Maite, who, at 30, fears she’s missed out on her chance for a romance like she reads in the pages of the illustrated romance magazines she loves, gets involved when Lenore, her neighbor, asks her to feed her cat while she goes away for a few days. With her paycheck far too small to cover the costs of her chronic car repairs, Maite agrees. But a few days come and go, and there’s no sign of Lenore, or her money. When Maite sees one of Lenore’s exes dropping by to check on her, she tries a more proactive approach to offload responsibility and get her payment through visiting the people in Lenore’s orbit. But because Lenore is involved with a radical group, her acquaintances tend to be radicals, too, and soon Maite finds herself under suspicion through association by a federal agent. Worse, the violence that put Lenore into hiding is now careening toward the person everyone seems to think knows where Lenore and those pictures are: Maite.

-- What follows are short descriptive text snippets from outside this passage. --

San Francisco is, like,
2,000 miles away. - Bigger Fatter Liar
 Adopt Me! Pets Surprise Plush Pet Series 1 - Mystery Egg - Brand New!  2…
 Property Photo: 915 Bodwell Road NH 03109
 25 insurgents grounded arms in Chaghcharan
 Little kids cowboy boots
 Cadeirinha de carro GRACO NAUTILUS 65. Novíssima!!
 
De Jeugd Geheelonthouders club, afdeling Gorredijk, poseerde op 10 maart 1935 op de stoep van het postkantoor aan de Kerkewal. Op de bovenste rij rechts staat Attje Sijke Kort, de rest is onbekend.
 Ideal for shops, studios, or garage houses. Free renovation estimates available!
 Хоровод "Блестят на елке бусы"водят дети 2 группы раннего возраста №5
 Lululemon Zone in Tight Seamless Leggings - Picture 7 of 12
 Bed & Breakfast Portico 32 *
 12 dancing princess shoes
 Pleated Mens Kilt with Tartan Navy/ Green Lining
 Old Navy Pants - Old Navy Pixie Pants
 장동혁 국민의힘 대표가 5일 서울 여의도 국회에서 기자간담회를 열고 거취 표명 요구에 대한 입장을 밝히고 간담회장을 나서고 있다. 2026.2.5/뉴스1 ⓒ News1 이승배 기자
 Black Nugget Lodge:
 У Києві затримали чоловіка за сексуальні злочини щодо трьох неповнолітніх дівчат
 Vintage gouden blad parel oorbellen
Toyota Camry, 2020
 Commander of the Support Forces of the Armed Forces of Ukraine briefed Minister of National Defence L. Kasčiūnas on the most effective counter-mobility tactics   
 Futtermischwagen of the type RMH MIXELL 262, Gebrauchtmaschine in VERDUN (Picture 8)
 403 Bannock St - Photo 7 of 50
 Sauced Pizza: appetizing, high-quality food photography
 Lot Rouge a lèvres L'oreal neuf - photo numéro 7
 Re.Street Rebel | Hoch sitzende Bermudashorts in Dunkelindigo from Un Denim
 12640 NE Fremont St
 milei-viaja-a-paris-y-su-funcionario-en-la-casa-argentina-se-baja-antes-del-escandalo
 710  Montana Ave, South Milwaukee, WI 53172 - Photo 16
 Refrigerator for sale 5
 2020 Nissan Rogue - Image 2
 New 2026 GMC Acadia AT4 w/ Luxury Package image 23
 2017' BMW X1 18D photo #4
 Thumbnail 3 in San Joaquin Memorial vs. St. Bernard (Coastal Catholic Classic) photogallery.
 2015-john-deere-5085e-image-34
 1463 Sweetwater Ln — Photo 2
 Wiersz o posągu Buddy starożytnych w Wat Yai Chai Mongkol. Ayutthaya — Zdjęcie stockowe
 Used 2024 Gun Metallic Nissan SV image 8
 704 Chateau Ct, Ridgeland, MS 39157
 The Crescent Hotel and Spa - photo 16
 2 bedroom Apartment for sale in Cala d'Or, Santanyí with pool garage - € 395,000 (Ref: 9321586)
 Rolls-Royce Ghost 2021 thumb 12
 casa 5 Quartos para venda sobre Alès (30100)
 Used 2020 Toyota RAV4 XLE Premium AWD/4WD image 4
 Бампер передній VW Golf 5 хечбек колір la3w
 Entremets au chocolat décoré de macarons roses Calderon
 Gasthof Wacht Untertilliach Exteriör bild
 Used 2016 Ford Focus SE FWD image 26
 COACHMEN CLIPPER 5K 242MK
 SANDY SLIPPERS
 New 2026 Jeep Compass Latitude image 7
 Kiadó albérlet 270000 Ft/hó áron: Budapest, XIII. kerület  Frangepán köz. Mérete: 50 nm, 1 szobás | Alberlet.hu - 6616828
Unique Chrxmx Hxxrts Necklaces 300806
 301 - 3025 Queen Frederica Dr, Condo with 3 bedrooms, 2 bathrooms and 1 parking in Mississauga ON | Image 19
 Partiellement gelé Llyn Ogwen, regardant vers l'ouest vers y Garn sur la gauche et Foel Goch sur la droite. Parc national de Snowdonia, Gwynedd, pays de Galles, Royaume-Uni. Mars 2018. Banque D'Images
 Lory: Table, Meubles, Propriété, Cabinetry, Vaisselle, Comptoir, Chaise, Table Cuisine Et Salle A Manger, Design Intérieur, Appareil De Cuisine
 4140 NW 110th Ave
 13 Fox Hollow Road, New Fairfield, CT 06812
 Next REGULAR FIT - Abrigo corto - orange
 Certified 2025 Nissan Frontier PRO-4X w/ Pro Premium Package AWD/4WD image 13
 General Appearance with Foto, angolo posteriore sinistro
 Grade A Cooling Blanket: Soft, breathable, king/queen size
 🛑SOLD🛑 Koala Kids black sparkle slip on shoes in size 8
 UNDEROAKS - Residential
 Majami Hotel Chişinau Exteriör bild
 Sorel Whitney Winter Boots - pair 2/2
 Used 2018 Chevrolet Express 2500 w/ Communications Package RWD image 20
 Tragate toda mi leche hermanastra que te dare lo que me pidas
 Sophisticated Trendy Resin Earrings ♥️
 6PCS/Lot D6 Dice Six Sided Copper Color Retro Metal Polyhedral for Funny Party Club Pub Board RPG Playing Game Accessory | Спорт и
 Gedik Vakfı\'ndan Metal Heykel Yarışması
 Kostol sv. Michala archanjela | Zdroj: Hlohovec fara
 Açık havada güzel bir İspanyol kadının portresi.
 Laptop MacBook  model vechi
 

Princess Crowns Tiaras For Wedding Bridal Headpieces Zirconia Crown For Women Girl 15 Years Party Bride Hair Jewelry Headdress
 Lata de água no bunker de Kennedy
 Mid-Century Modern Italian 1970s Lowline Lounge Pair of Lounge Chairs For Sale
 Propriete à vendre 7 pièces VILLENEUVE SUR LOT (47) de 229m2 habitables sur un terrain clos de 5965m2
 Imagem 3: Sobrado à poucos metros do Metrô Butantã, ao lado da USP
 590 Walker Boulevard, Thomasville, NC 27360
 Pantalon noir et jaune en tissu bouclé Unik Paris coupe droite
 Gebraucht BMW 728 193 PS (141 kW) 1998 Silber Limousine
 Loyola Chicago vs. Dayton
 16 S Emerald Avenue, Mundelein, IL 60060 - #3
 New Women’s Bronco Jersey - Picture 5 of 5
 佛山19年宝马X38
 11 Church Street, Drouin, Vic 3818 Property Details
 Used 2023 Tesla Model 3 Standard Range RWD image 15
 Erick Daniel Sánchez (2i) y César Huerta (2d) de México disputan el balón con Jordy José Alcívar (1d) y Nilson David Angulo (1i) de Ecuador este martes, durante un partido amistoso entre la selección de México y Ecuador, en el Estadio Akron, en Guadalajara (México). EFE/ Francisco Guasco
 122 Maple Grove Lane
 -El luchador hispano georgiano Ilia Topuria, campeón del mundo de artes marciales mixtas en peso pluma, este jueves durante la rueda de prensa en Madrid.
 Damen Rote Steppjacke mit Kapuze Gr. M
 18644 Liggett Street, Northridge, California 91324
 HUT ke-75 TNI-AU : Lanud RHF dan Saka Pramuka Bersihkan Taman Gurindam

Meanwhile, Elvis is moving up in his gang, the Hawks, and the group’s leader gives him his own team as a reward for proven loyalty. His task: find Lenore and the photos she took. Since Lenore is nowhere to be found, Elvis and his new subordinates follow many of the same clues Maite does—but gets his information through more, uh, direct means. The bloodier his knuckles become, it seems, the less he knows. But stepping outside the strict guidelines provided by his boss, Elvis starts to see a bigger picture of what’s happening inside and out of the Hawks, and what he finds out makes every step all the more dangerous.
I’ve written before about how I admire how little Moreno-Garcia cares if her characters–particularly her female characters—are considered “likable,” and the same holds true for Velvet. Maite is selfish, driven to find Lenore not out of concern for her neighbor’s wellbeing but because she’s just so sick of feeding that cat and wants her car fixed. She’s a bit of a petty thief, liberating little things from those around her out of boredom, and her maudlin approach to her nonexistent love life reminds me of that one roommate everyone seems to have who doesn’t talk or flirt much with anyone of their desired gender(s) but is convinced at 21 she’ll die an old maid because no one’s beating down the door to date her. Several times, I wanted to sit her down all like, “Maite, honey…”

Yet I did worry about her. I worried, and I got angry when other people’s problems threatened her dull but safe existence, even if she had sheltered herself away from knowing what was happening in her own city. And when she looked to get her lonely little heart broken, I was sad for her. Also, she has fantastic taste in music.
Elvis is a little easier to root for, even when it was obvious how badly he was being played by his boss. Moreno-Garcia paints him clearly as someone with legitimate promise to do good despite being stuck in a series of impossible situations, and as a result he’s easy to sympathize with. His story is more straightforward, too—and easier to engage with early on because of his proximity to the action at hand. His is the plotline that really pulled me through the setup of the book in ways Maite’s could not. The two threads start to entwine themselves about a third of the way in, though, and by halfway through both perspectives are indispensable.
And while every word of Velvet is fictional, Moreno-Garcia’s afterward reminds us it’s based on real events in a chapter of North American history I honestly heard nothing about until earlier this summer a tweet compared the protests about the Olympics in Tokyo to protests during Mexico City’s 1968 protests and ensuing violence. (I swear, being an adult is just a long process of finding out all the stuff teachers should have brought up instead of rehashing oversimplified accounts of the Boston Tea Party for the fifth time.) The multiple groups racing for the same information to use for their various purposes, hints of CIA involvement, local gangs being funded by the government…it’s madness, but it’s the factual story playing on the fringes of Moreno-Garcia’s character-driven fiction. She does a great job with it, too. Another book, another genre, and I’m finding myself more and more a ride-or-die Moreno-Garcia fan.